RWE-based Treatment Patterns and Outcomes in CIDP

CIDP (chronic inflammatory demyelinating polyneuropathy) is an immune-mediated peripheral nerve disorder, that can be progressive or relapsing, with sensory or motor symptoms. It is typically diagnosed by a combination of progressive history, ruling out other neuropathic conditions, or by being refractive to immunoglobulin or corticosteroid treatment. Recently published guidelines introduced a pathway to diagnosis (Van den Burgh, 2021). Challenges with CIDP can result in misdiagnoses of hereditary amyloidosis (hATTR) and Guillain-Barré syndrome (GBS).

Studies in France, Italy, and Japan indicate that 15-53% of patients with hereditary amyloidosis (hATTR) have previously been diagnosed with CIDP (Russo 2020; Cortese 2017; Plante-Bordeneuve 2007; Koike 2011).

A study in the Netherlands highlighted the diagnostic challenges in diagnosis of acute onset CIDP versus (GBS) during the early acute phase onset (Ruts 2010). This diagnostic challenge may be driven by the lack of diagnostic tests or clinical features that can distinguish GBS acute onset CIDP (Van den Burgh, 2021).

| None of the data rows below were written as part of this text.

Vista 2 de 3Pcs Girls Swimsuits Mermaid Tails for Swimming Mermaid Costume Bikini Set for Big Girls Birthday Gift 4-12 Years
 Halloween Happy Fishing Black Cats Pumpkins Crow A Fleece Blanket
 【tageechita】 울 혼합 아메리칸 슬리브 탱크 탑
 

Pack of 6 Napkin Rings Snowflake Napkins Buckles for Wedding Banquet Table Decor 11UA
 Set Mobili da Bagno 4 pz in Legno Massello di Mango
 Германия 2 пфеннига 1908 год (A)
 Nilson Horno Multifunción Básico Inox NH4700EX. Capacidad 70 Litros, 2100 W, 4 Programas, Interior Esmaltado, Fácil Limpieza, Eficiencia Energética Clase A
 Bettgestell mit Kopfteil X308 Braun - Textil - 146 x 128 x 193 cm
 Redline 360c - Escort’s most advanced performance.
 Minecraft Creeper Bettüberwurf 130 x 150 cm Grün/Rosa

A Hospital, Episode Statistics (HES) analysis of previous and subsequent primary diagnosis codes for CIDP patients highlighted hATTR and GBS, as well as unspecified [inflammatory] neuropathy codes, as three conditions with diagnostic challenges that might lead to reclassification of patients.

This current study is designed to describe the real-world demographics, clinical characteristics, and treatment pathways of patients diagnosed with CIDP, GBS and hATTR. In addition, this study will describe the real-world effectiveness and safety of immunoglobulin therapies in the treatment of patients with CIDP or GBS.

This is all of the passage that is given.